#### What you will do:
Restate every line below word for word, but drop each picture.

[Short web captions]

[Start of section]

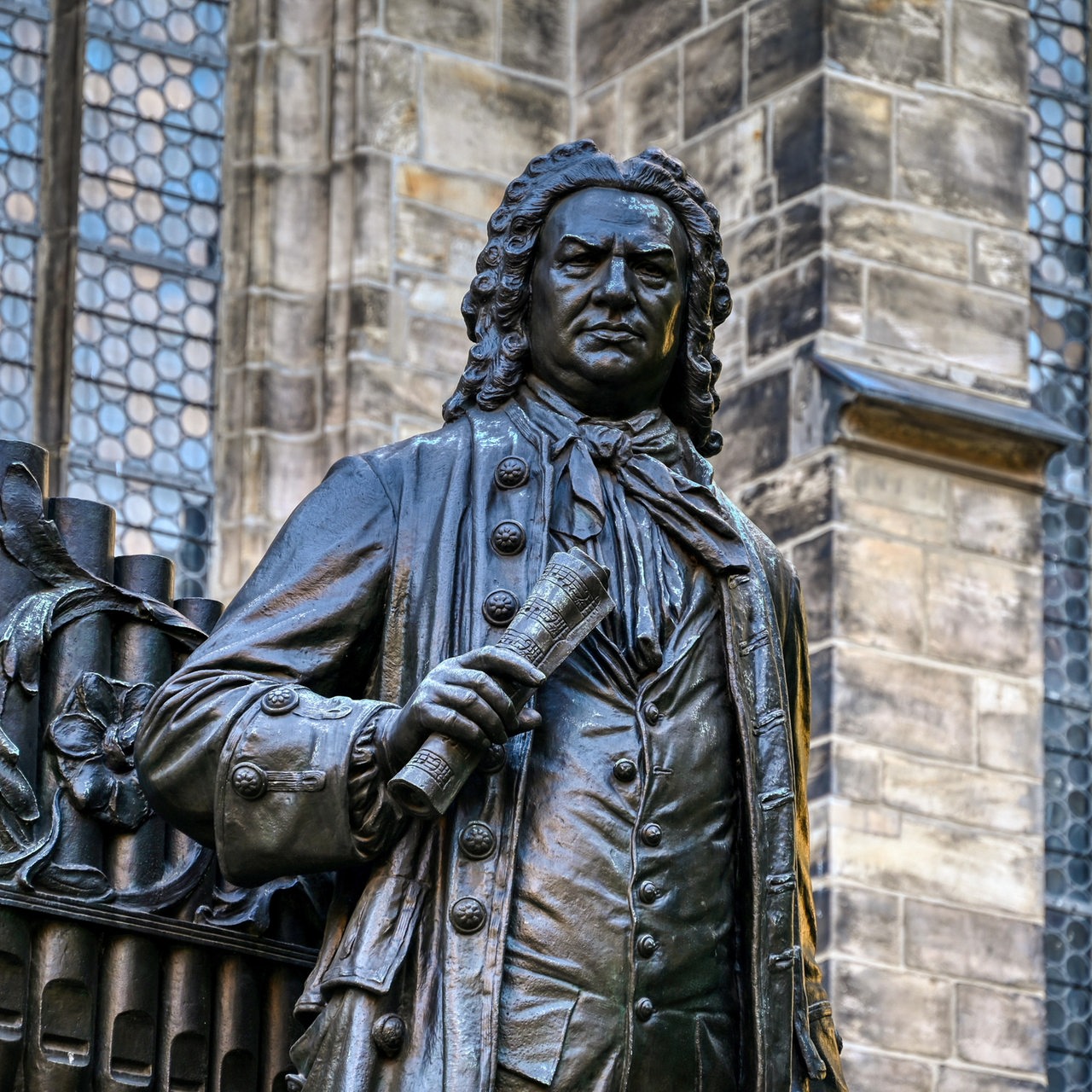 Nahaufnahme des historischen Denkmals des Johann Sebastian Bach in der Leipziger Innenstadt, im Hintergrund die Thomaskirche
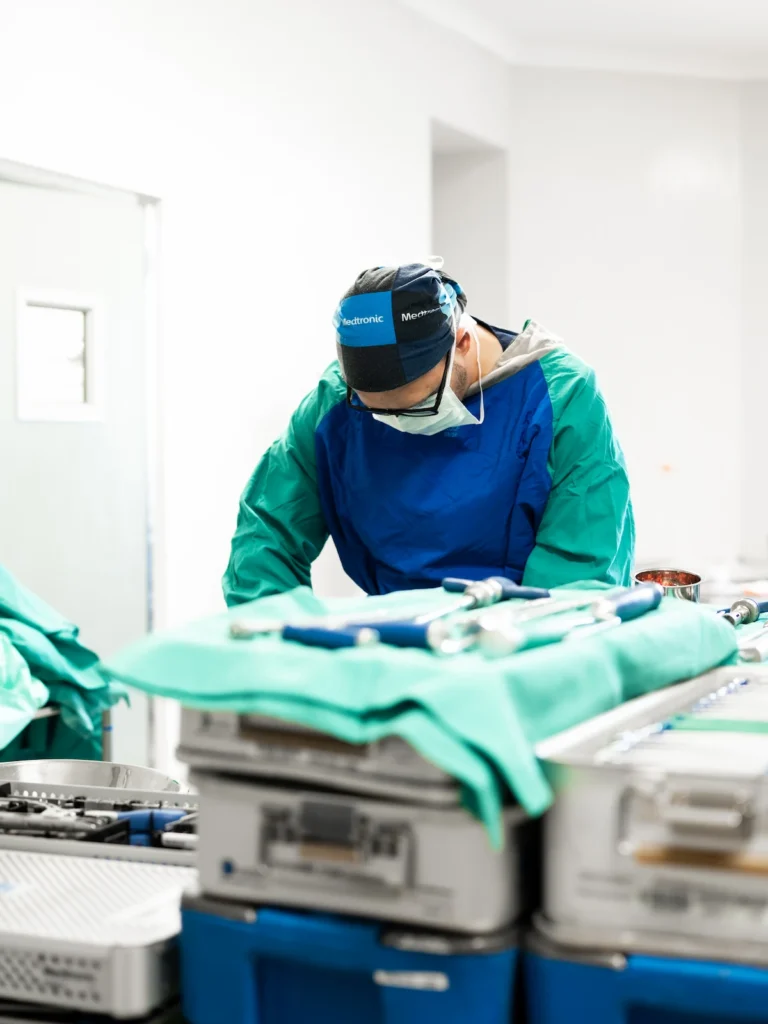 Specialist theatre professional preparing surgical equipment before advanced spine surgery with Dr Jaytesh Pillay.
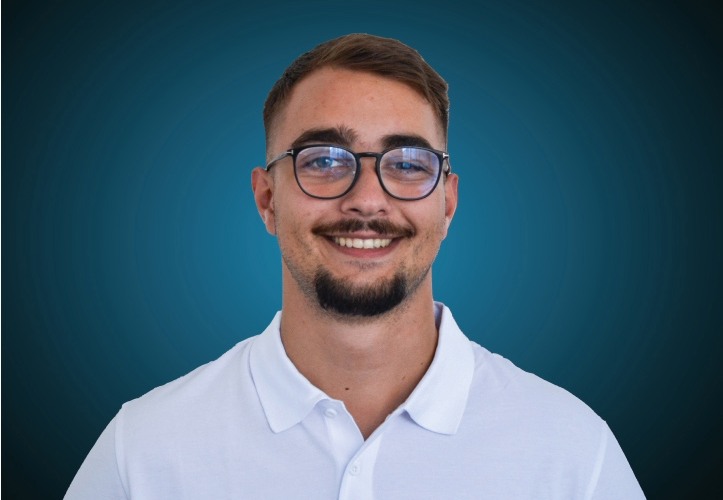 Portraitfoto eines Fachberaters für Bauelemente im Innendienst von CAPITAL Baustoffe vor einem blauem Hintergrund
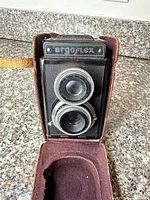 Front view of Argoflex camera in open leather case showing dual lenses and nameplate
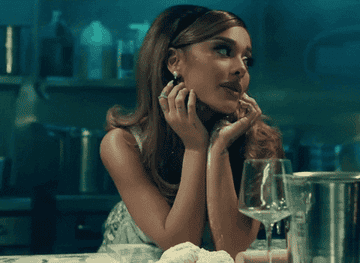 Ariana Grande singing on kitchen counter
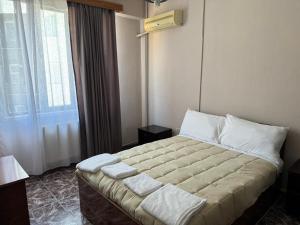 Postelja oz. postelje v sobi nastanitve SIRENA HOTEL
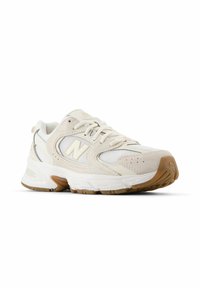 Helle beigem Sneaker aus Mesh- und Wildledermaterialien, mit Schnürsenkeln, gepolstertem Kragen, Gummisohle und einem weißen Logoakzent an der Seite.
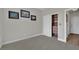 Clean bedroom with closet featuring built-in shelving and drawers, plus three art pieces on the wall at 15 Imposing Knoll Ave, Henderson, NV 89002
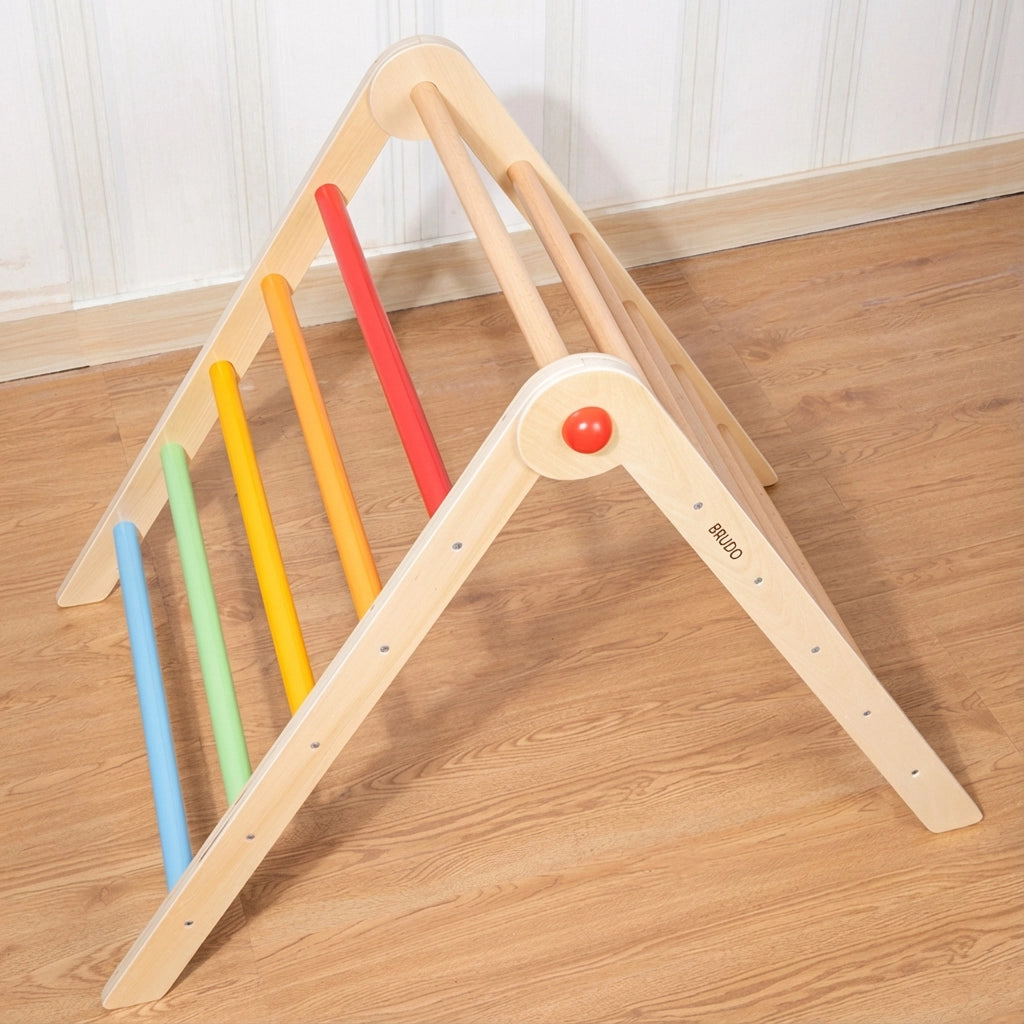 High-angle view looking down at a plywood Montessori climbing triangle with colorful rungs on a wood floor
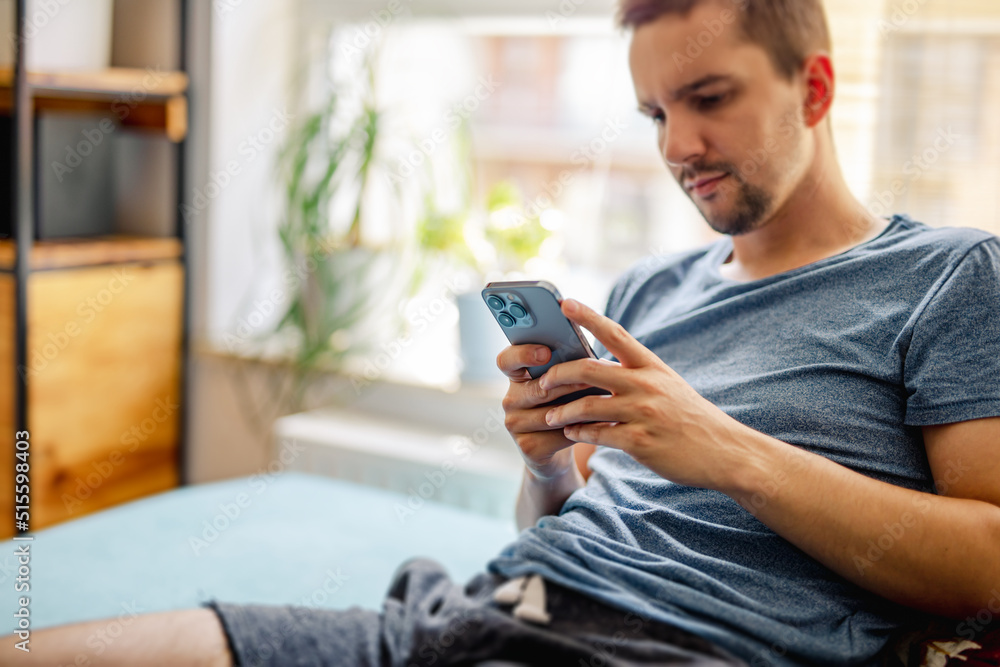 Fototapeta premium The guy sends messages from a modern smartphone in a bright modern home interior - the concept of chatting via social media
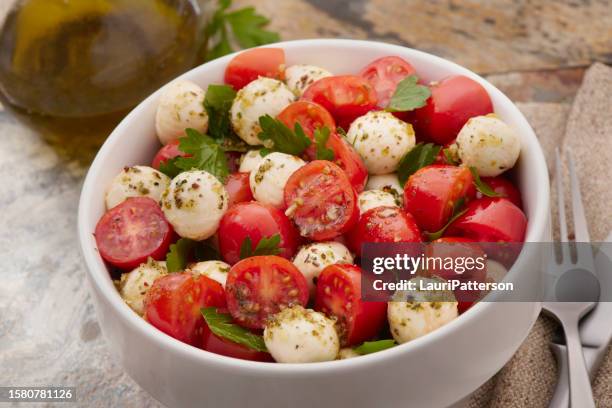 tomato and mozzarella salad - italien food stock pictures, royalty-free photos & images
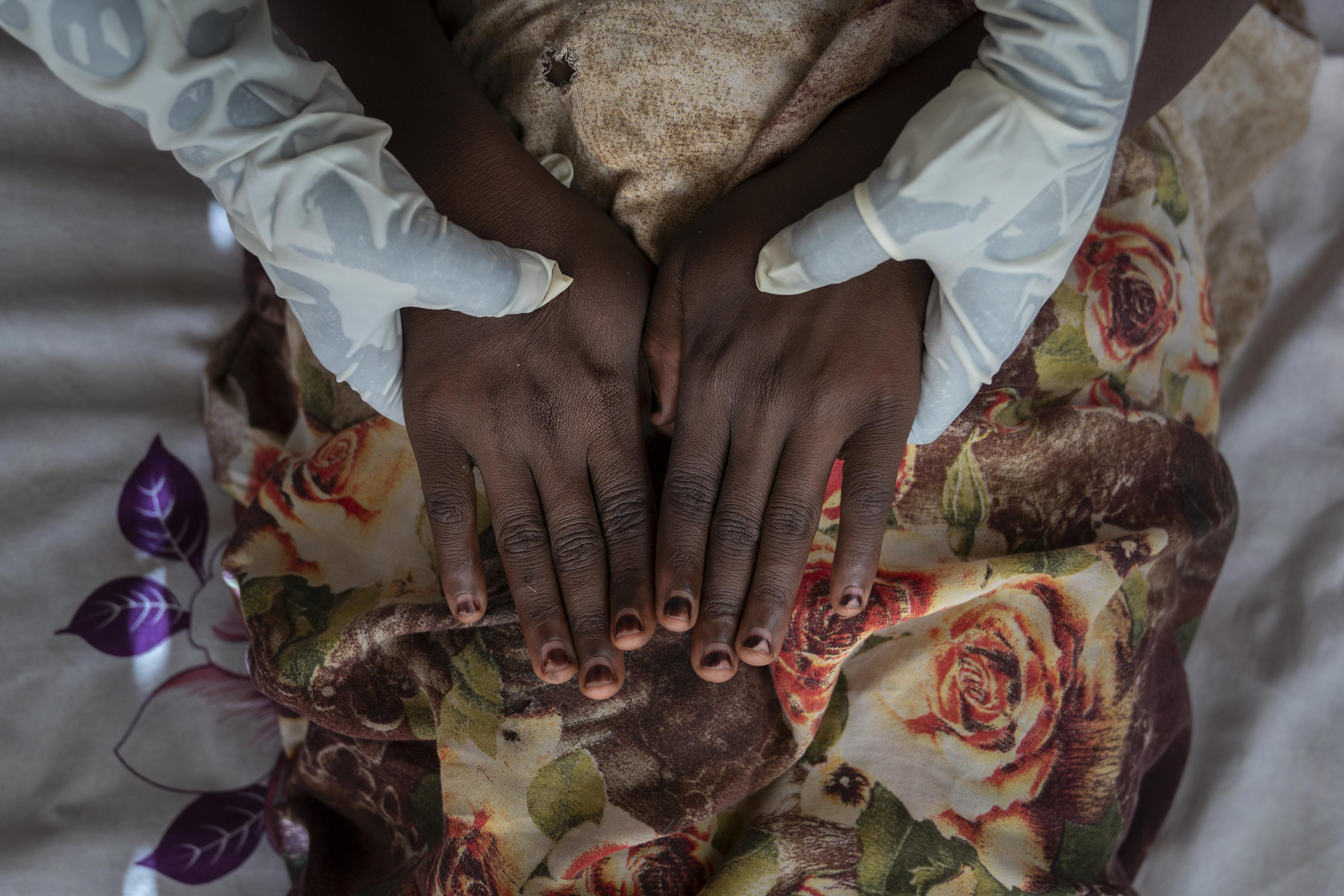 Pregnant Sudanese women visit a midwife at her home for a prenatal consultation.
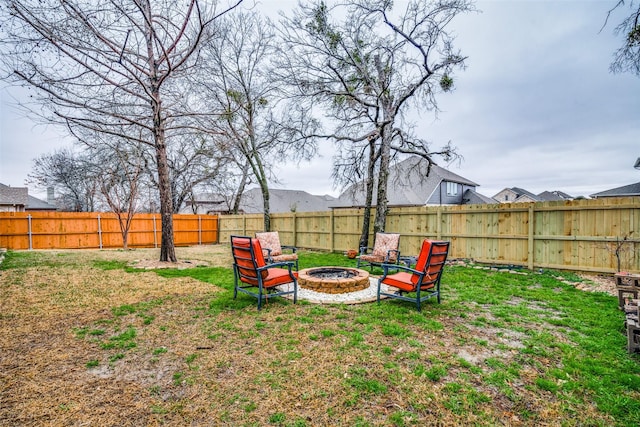 view of yard with a fire pit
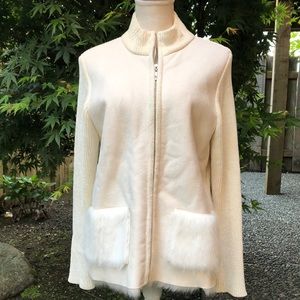 Women’s zip up cream sweater.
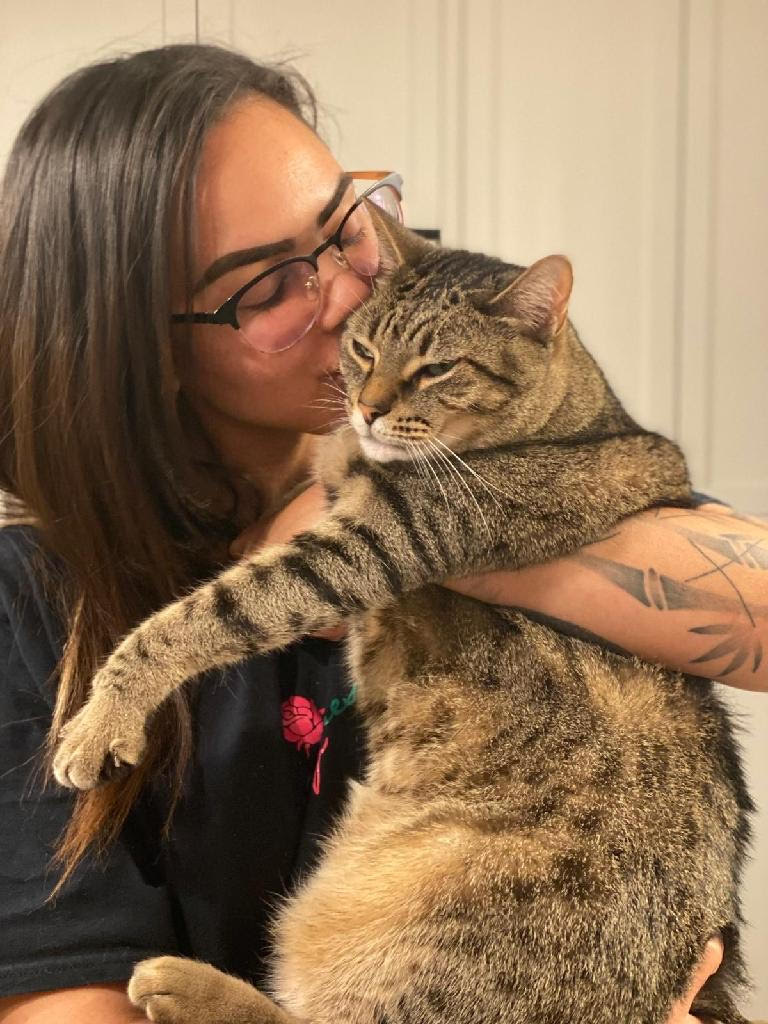 Taleaha, a Coco And Boo pet care specialist, seen holding and kissing one of her cats.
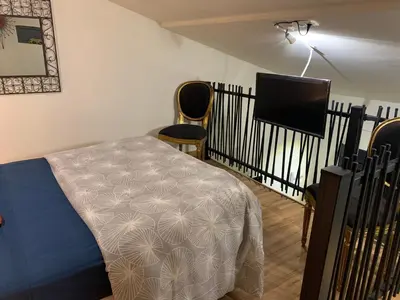 a bedroom with a bed and a flat screen tv at Standing duplex FULL Equipements idéal moyen séjours in Le Thor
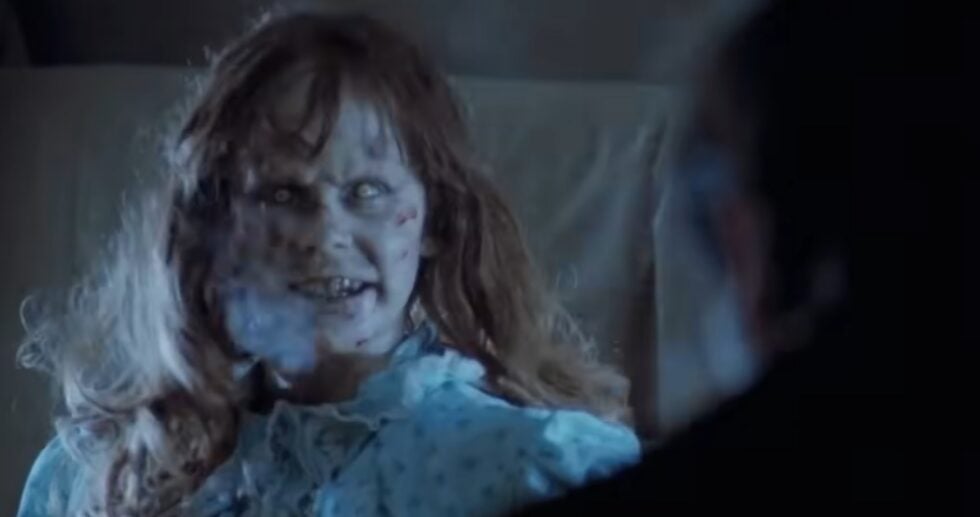 Pale zombie woman with a blood-streaked face and ragged hair in a tattered blue dress, in a dark scene.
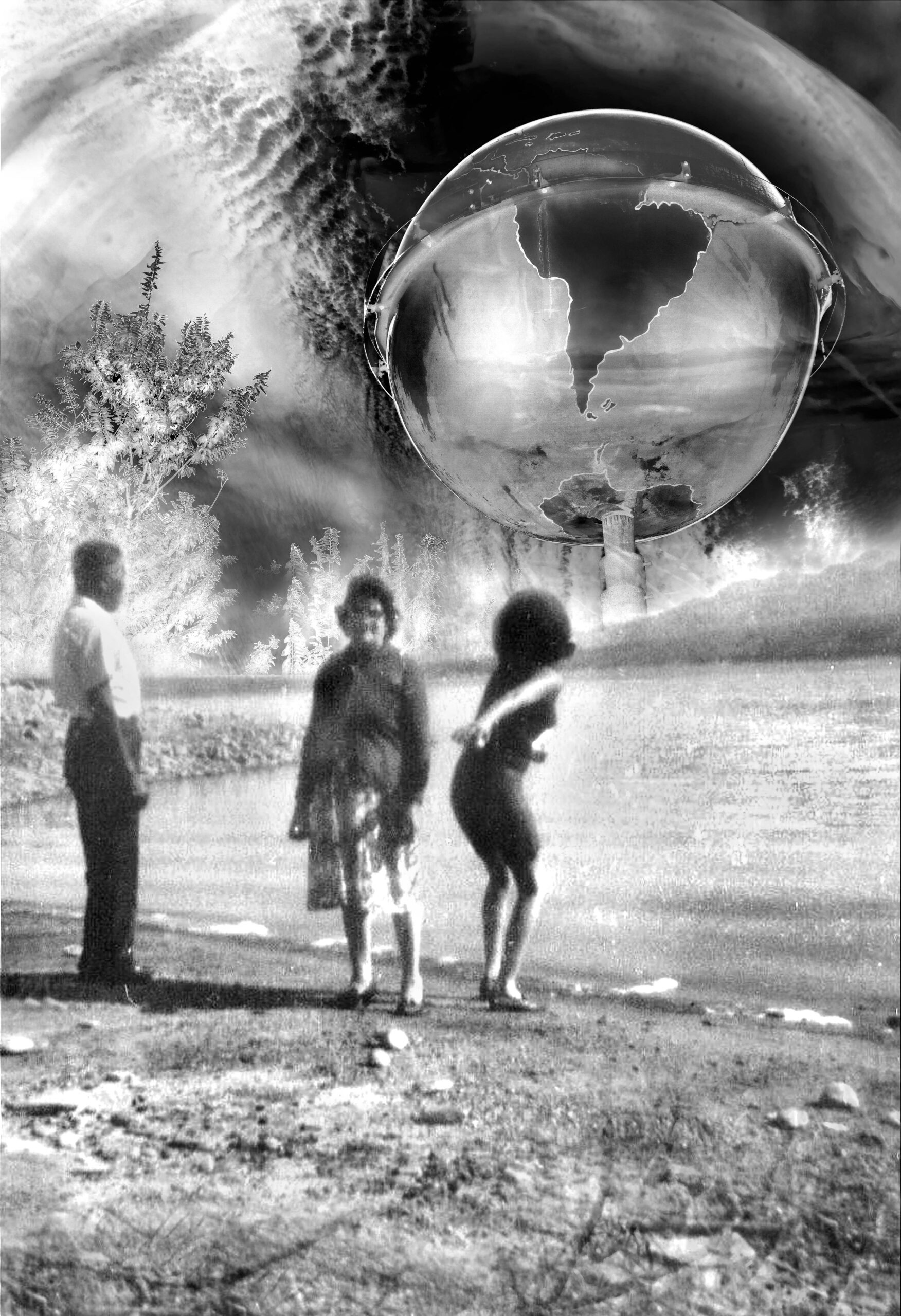 Three people stand outdoors in a surreal landscape beneath a cloudy sky. Above them, a large transparent sphere with a map of Africa and South America floats—an intriguing black and white image by Christina Renee Rodriguez.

[End of section]

#### Exercise result:
 Nahaufnahme des historischen Denkmals des Johann Sebastian Bach in der Leipziger Innenstadt, im Hintergrund die Thomaskirche
 Specialist theatre professional preparing surgical equipment before advanced spine surgery with Dr Jaytesh Pillay.
 Portraitfoto eines Fachberaters für Bauelemente im Innendienst von CAPITAL Baustoffe vor einem blauem Hintergrund
 Front view of Argoflex camera in open leather case showing dual lenses and nameplate
 Ariana Grande singing on kitchen counter
 Postelja oz. postelje v sobi nastanitve SIRENA HOTEL
 Helle beigem Sneaker aus Mesh- und Wildledermaterialien, mit Schnürsenkeln, gepolstertem Kragen, Gummisohle und einem weißen Logoakzent an der Seite.
 Clean bedroom with closet featuring built-in shelving and drawers, plus three art pieces on the wall at 15 Imposing Knoll Ave, Henderson, NV 89002
 High-angle view looking down at a plywood Montessori climbing triangle with colorful rungs on a wood floor
 Fototapeta premium The guy sends messages from a modern smartphone in a bright modern home interior - the concept of chatting via social media
 tomato and mozzarella salad - italien food stock pictures, royalty-free photos & images
 Pregnant Sudanese women visit a midwife at her home for a prenatal consultation.
 view of yard with a fire pit
 Women’s zip up cream sweater.
 Taleaha, a Coco And Boo pet care specialist, seen holding and kissing one of her cats.
 a bedroom with a bed and a flat screen tv at Standing duplex FULL Equipements idéal moyen séjours in Le Thor
 Pale zombie woman with a blood-streaked face and ragged hair in a tattered blue dress, in a dark scene.
 Three people stand outdoors in a surreal landscape beneath a cloudy sky. Above them, a large transparent sphere with a map of Africa and South America floats—an intriguing black and white image by Christina Renee Rodriguez.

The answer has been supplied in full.